The Roadmap for nuclear fusion: Delayed by funding issues

av Ralph Kube, Stipendiat ved Institutt for fysikk og teknologi, Universitet i Tromsø

Research in fusion energy began in the 1950s when researchers realized the huge energy potential that was possible to harness from this energy source. At the time, tapping the strong nuclear force as energy source was only possible through nuclear fission, which is by splitting unstable heavy nuclei and utilizing the residual heat.

On the one hand, fission plants deliver steadily large amounts of electricity. On the other hand, this same power source has been responsible for large catastrophes, where their far-reaching consequences still difficult to grasp.

So why not harvesting energy through fusion instead, it is safer. Reaction yields for fusion processes are in the same order of magnitude as for fission processes and around 3 orders of magnitude larger than for chemical reactions.

The original idea for a fusion reactor is, as phrased by the French Nobel laureate Pierre-Gilles de Gennes,  "We say that we will put the sun into a box. The idea is pretty. The problem is, we don't know how to make the box." This has been the major research focus in nuclear fusion for the past 40 years, in a nutshell.

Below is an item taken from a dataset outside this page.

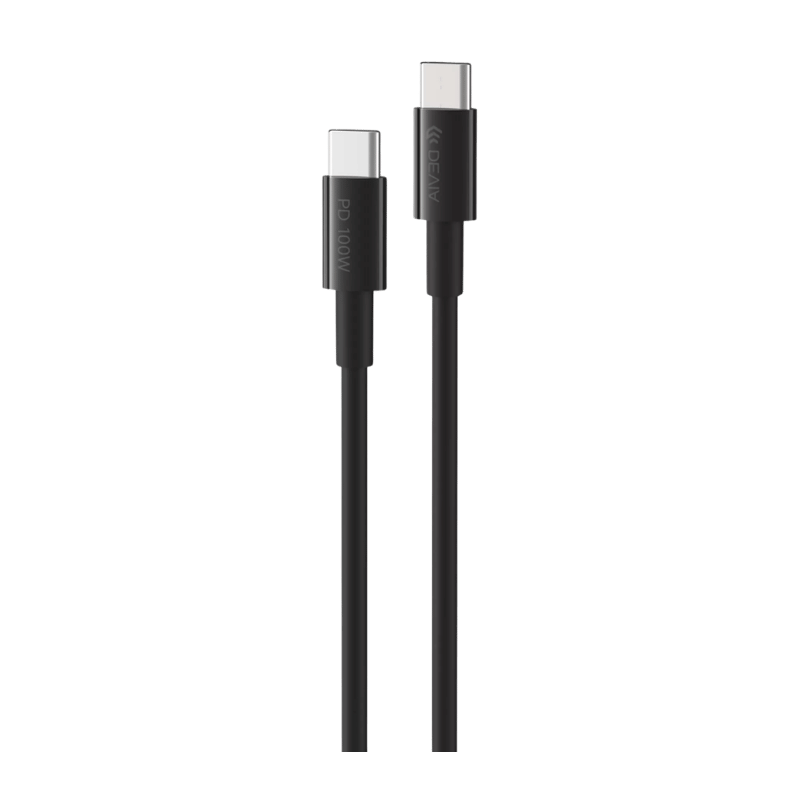 CABLE Devia Smart Series 100W C to C PD (5A, 1.5M)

To sustain a fusion reaction, one has to heat up gas to some 150.000.000 kelvin so that the gas turns into plasma,
and confine the plasma by magnetic fields while avoiding contact between the plasma and the reactor walls. In this environment, light nuclei fuse to heavier ones, producing fast neutrons and alpha particles. The kinetic energy from the neutrons is harvested in a heat exchanger surrounding the fusion chamber.

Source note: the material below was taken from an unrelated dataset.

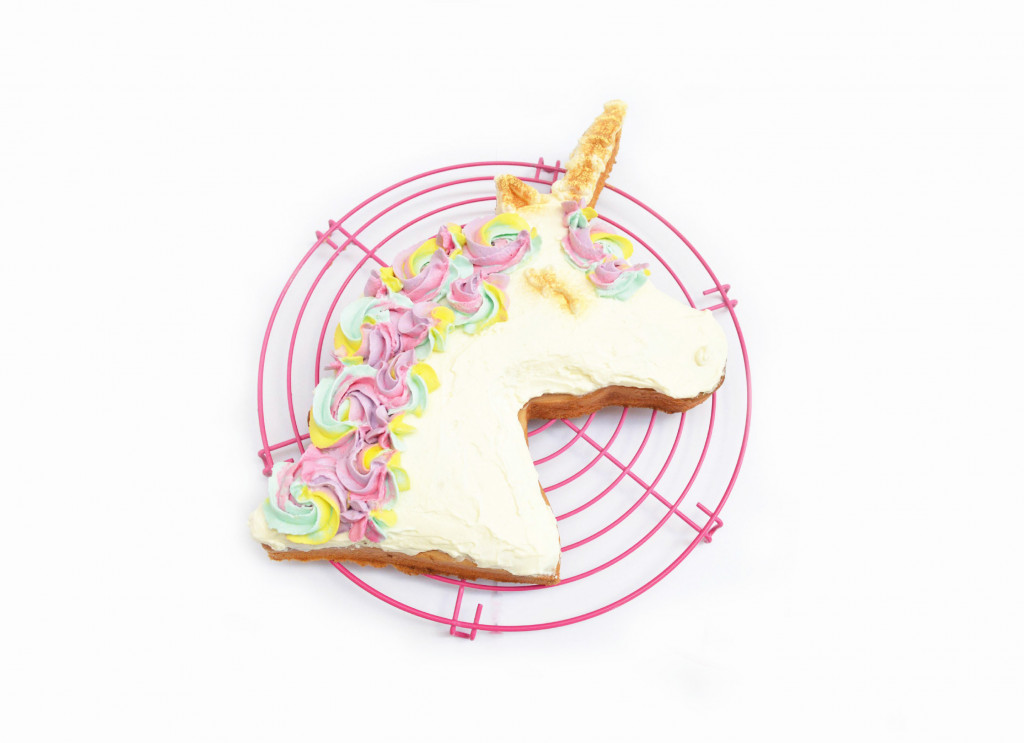 Recette : comment faire une crinière licorne arc-en-ciel ?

Such requirements push the boundaries of physics, engineering and material sciences. In the 1950's energy from nuclear fusion was only fifty years away. Now, sixty years later since the first prediction, current roadmaps predict that the first functional reactor, designed to yield several Giga-watt of power, would be put out on grid by 2040. 

What has gone wrong?

The biggest problem with international fusion programs is funding. Once, several alternatives with different levels of funding requirement were suggested by the US Department of energy’s road map toward accomplishing fusion energy. Among the alternatives, the most ambitious but expensive one would have lead to a functional reactor by 1990. A moderate and reasonably less costly alternative of those, would have given us a reactor in 2005. However, the actual annual budget allocated to research turned out to be much less than the amount envisioned when the road map was published.

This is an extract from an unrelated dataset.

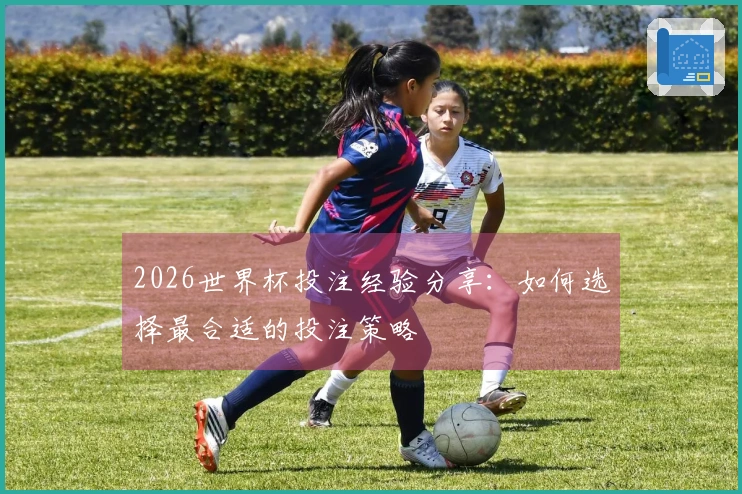 2026世界杯投注经验分享：如何选择最合适的投注策略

Even with the scarce resources; however, impressive results were possible to achieve in the field. The last few decades’ advancement in the areas of plasma confinement, reactor operation and material sciences have cleared the way for the ITER test reactor, which its construction has recently begun in southern France. ITER, previously meaning "International Thermonuclear Reactor", now "ITER" to mean " the way in Latin", is expected to demonstrate the realization of fusion energy. There is a huge scientific ambition behind the ITER project: to be able to confine a burning plasma for several minutes yielding 500MW, i.e. 10 times the power needed for running the reactor. This is extremely larger when compared to what has been possible to achieve by the current world record holder in fusion energy, JET, a facility in England that has reached a peak yield of 16MW for less than a second.

The first plasma discharges test in ITER is planned for 2020. In 2027, the first fusion experiments will be running in ITER. Outcomes from the ITER project, in addition to being of great value to the scientific community, could contribute to bring nuclear fusion on the list as safe, environmentally friendly and reliable power source.